- [Your objective]
From the entries below, retype only the lines from the one with "Montaigne Remy Linen" through the one with "Ppt Top Tips", exactly as written.

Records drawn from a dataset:
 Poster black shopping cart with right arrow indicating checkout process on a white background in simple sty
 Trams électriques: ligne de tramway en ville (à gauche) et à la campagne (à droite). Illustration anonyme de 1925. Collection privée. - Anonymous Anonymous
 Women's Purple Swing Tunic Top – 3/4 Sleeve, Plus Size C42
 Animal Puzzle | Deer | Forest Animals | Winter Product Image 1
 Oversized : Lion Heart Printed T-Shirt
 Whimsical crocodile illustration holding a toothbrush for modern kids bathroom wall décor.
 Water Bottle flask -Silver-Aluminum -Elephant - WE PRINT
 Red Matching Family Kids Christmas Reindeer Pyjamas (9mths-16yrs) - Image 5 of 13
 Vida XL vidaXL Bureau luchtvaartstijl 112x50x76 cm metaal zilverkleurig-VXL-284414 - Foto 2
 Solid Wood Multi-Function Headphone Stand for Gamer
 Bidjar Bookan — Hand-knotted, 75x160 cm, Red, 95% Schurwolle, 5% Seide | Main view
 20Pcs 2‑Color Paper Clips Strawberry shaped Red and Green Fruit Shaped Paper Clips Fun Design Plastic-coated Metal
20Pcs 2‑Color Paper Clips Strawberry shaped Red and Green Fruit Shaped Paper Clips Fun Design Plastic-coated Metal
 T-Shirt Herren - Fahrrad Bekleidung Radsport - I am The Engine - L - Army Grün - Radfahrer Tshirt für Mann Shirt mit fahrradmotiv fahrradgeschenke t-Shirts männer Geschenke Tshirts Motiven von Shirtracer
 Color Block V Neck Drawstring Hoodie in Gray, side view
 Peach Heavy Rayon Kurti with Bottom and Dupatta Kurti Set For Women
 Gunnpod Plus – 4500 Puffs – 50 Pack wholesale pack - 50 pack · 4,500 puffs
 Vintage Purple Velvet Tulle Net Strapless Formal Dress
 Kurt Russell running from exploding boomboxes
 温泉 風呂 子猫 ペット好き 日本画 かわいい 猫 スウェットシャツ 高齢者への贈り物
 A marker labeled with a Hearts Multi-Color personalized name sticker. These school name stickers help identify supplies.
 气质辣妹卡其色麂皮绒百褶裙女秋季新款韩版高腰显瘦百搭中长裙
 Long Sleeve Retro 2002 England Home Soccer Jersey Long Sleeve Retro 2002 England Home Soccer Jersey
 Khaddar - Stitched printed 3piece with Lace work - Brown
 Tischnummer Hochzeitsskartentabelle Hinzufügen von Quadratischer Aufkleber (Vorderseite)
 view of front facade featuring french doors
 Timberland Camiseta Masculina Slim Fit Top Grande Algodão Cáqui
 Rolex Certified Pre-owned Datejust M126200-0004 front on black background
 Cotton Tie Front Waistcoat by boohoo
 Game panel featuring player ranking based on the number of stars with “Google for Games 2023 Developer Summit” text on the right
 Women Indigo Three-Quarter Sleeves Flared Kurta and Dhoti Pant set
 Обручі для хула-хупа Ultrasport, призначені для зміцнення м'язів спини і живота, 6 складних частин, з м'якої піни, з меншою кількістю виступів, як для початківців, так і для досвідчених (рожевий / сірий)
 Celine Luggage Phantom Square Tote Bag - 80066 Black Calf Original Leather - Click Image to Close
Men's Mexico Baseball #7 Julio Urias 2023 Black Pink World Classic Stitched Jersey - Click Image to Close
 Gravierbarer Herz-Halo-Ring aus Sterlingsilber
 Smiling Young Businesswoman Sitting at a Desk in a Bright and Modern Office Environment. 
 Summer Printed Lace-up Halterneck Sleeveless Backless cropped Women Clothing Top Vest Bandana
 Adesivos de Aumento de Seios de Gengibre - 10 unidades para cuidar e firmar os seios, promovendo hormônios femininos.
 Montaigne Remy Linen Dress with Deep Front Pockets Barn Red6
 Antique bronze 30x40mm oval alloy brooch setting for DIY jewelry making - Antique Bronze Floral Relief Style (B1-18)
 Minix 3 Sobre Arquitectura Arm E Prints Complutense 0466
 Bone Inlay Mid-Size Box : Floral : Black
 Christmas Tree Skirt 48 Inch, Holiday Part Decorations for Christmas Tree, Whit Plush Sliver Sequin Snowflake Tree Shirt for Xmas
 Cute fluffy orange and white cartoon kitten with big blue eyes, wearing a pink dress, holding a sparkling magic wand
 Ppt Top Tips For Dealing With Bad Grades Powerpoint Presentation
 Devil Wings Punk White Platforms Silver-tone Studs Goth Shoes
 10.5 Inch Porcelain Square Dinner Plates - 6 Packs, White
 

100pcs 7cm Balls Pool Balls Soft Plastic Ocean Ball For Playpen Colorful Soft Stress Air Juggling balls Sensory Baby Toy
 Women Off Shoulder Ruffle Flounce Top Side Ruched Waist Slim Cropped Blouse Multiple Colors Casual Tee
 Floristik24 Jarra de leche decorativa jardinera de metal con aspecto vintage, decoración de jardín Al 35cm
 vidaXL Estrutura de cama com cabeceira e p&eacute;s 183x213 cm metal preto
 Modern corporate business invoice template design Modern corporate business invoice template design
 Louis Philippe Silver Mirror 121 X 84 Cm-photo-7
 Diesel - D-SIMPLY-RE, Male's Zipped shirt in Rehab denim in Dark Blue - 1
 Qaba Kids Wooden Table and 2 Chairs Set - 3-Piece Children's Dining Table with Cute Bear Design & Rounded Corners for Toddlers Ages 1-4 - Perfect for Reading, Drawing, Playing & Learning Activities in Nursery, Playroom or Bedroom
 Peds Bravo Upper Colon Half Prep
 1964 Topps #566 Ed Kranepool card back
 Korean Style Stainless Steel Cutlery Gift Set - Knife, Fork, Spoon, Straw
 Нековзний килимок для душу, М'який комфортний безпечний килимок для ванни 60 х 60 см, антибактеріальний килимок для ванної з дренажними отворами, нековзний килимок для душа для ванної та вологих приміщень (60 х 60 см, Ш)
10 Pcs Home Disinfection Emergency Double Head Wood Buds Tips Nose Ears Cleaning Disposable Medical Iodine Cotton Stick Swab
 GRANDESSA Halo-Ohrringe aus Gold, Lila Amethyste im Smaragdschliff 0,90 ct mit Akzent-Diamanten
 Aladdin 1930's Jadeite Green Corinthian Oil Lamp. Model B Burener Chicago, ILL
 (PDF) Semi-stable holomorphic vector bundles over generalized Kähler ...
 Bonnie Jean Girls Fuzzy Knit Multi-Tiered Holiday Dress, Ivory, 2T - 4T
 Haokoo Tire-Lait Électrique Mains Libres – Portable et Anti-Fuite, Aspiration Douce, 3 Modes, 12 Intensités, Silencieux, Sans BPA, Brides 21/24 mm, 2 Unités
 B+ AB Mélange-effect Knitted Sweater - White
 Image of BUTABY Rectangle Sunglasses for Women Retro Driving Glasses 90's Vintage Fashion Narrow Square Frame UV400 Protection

- [Exercise result]
 Montaigne Remy Linen Dress with Deep Front Pockets Barn Red6
 Antique bronze 30x40mm oval alloy brooch setting for DIY jewelry making - Antique Bronze Floral Relief Style (B1-18)
 Minix 3 Sobre Arquitectura Arm E Prints Complutense 0466
 Bone Inlay Mid-Size Box : Floral : Black
 Christmas Tree Skirt 48 Inch, Holiday Part Decorations for Christmas Tree, Whit Plush Sliver Sequin Snowflake Tree Shirt for Xmas
 Cute fluffy orange and white cartoon kitten with big blue eyes, wearing a pink dress, holding a sparkling magic wand
 Ppt Top Tips For Dealing With Bad Grades Powerpoint Presentation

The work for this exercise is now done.